I think I like mornings so much because I’ve always romanticized the idea of new beginnings. Clean slates. Second chances. Tabula Rasa.
There’s a certain hopefulness to the opportunity presented by each new day. The feeling that anything can happen today. The feeling that I can be somebody.
Normally, the familiar responsibilities of work or routine cloud this imaginative yearning by the time I’ve finished my coffee. The drying of this morning’s dew and the quieting of once restless birds slowly reminds me of what distractions I am expected to tend.
I have many thoughts on many things. Most are woefully untested. And few, if any, are certainties. But there’s one idea that has been building within me for years. It is time that I surround myself with more important distractions.

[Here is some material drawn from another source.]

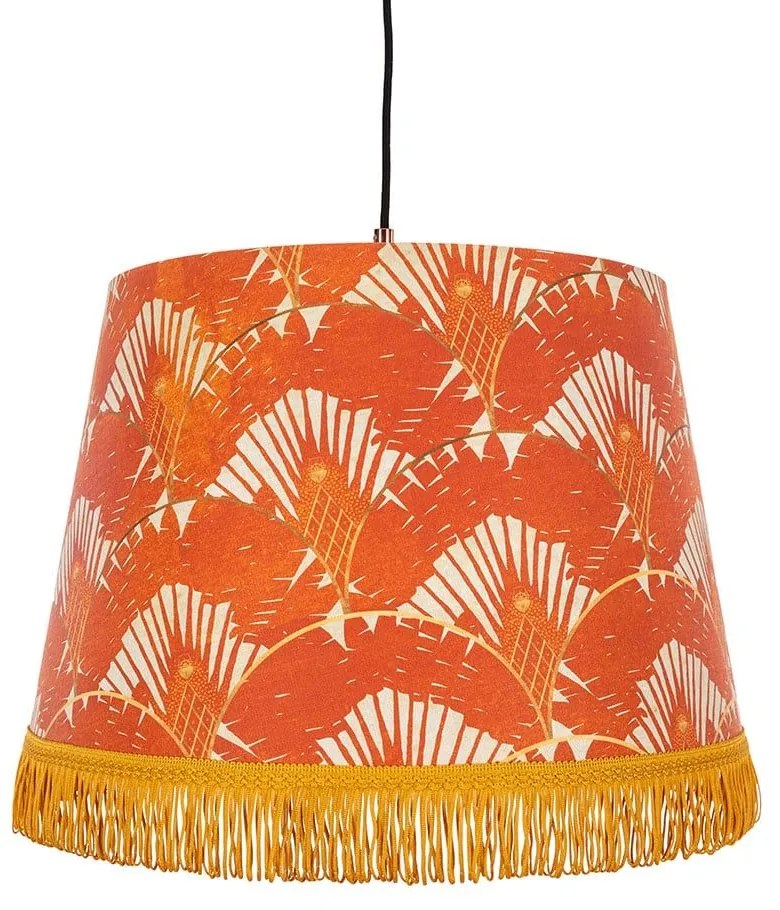 Φωτιστικό Οροφής Ravenala Orange CL50309 35X45X30Cm MindTheGap Metal, Fabric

So, who shall I be today, I wonder as I sip my coffee and admire nature’s reboot.
It’s a complicated sensation - that of decay. Not in the physical sense, but in the emotional binds that tie you to a place or an idea or a group of people.
It’s a feeling that resembles sadness, but it’s more nostalgic and hopeful than that. In fact, it’s entirely… natural. Unadulterated by pre-meditated depictions of how things are supposed to be. Emblematic of a great surrender to the way things actually are.
Things happen. Or they don’t. People change. Or they don’t.
Yesterday, I was there. Today, I am here. Tomorrow, I’ll be elsewhere.
Stagnation is just gas for your engine. You need to feel this way now to feel differently tomorrow.